Точно так же, если метафизический бунтарь восстает против власти, существование которой тем самым утверждает, он устанавливает факт ее существования лишь в тот миг, когда ее оспаривает. Тем самым он низводит существование высшего по отношению к себе существа к тому же жалкому положению, какое свойственно всем людям, – тщета его власти равнозначна тщетности нашего существования. Он подвергает его нашей силе отрицания и, в свою очередь, заставляет склониться
Поэтому нельзя смешивать историю метафизического бунта с историей атеизма. С определенной точки зрения она скорее смешивается с современной историей религиозного чувства. Бунтарь не столько отрицает, сколько бросает вызов. Он изначально не отвергает Бога, но говорит с ним на равных. И это отнюдь не куртуазный диалог. Это полемика, одухотворенная желанием победить. Раб начинает с того, что требует справедливости, а заканчивает тем, что желает царствовать. Ему в свою очередь не терпится властвовать. Восстание против своего состояния преобразуется в беспрецедентный поход против небес, завершающийся пленением царя, его осуждением и казнью. Человеческий бунт заканчивается метафизической революцией. Он развивается от представления к действию, от денди к революционеру. Опрокинув Божий престол, бунтарь признает, что справедливость, порядок и единство, которых он тщетно искал в своем состоянии, отныне должны быть созданы его собственными руками, что и послужит оправданием низвержения Бога. Тогда настанет очередь отчаянных усилий, направленных на создание – в случае необходимости с опорой на преступление – царства людей. Этот процесс не может не сопровождаться ужасными последствиями, из которых нам известна лишь самая малость. Но эти последствия вызваны не самим бунтом, или как минимум они проявляются лишь в той мере, в какой бунтарь забывает о своих корнях, устает от чудовищного напряжения между «да» и «нет» и, наконец, отдается во власть полного отрицания или полной покорности. В своем первоначальном побуждении метафизический бунт показывает то же позитивное содержание, что и восстание раба. Наша цель – рассмотреть, во что превращается содержание бунта на практике, и определить, куда ведут измена или верность бунтаря своему происхождению.
Сыны Каина
Собственно говоря, идея метафизического бунта появляется в связном виде в истории философии только в конце XVIII века. С наступлением Нового времени с громким шумом рушатся всевозможные стены. Следствия этой идеи развиваются непрерывно, и не будет преувеличением сказать, что они сформировали историю нашего времени. Означает ли это, что прежде идея метафизического бунта не имела смысла? Его модели далеки от нас, а наша эпоха любит приписывать себе прометеевское начало. Но обладает ли она им на самом деле?
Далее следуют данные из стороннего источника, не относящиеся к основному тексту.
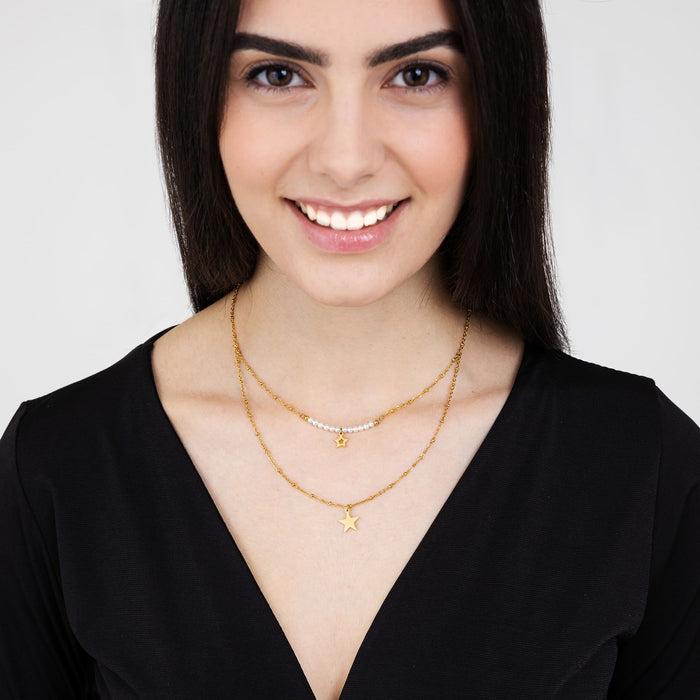 COLLANA DONNA IN ACCIAIO CON STELLE E PERLE BIANCHE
В первых теогониях мы видим Прометея прикованным к скале где-то на задворках мира – это вечный страдалец, навсегда лишенный права на прощение, молить о котором не желает. Эсхил особенно подчеркивает героический статус Прометея, наделяя его даром предвидения («Все, что предстоит снести, / Мне хорошо известно» [5] ), заставляя выплескивать свою ненависть к богам и погружая в «бушующее море неизбывных мук», чтобы в конце в грохоте грома низвергнуться под землю под ударами молний: «Без вины страдаю – глядите!»
5
Здесь и далее цитаты из «Прометея прикованного» Эсхила даны в пер. С. Апта.
Итак, древние греки задумывались о метафизическом бунте. Задолго до Сатаны они вывели образ благородного Бунтаря-страдальца, создав величайший миф о восставшем разуме. Неисчерпаемый греческий гений, внесший такой огромный вклад в сотворение мифов о согласии и скромности, сумел, несмотря ни на что, создать свою модель восстания. Бесспорно, отдельные прометеевские черты все еще живы в переживаемой нами истории бунта: борьба против смерти («Я племя смертное / От гибели в Аиде самовольно спас»), мессианизм («Я их слепыми наделил надеждами»), филантропия («Да, я ненавистен и Зевсу… потому, / Что меры не знал я, смертных любя»).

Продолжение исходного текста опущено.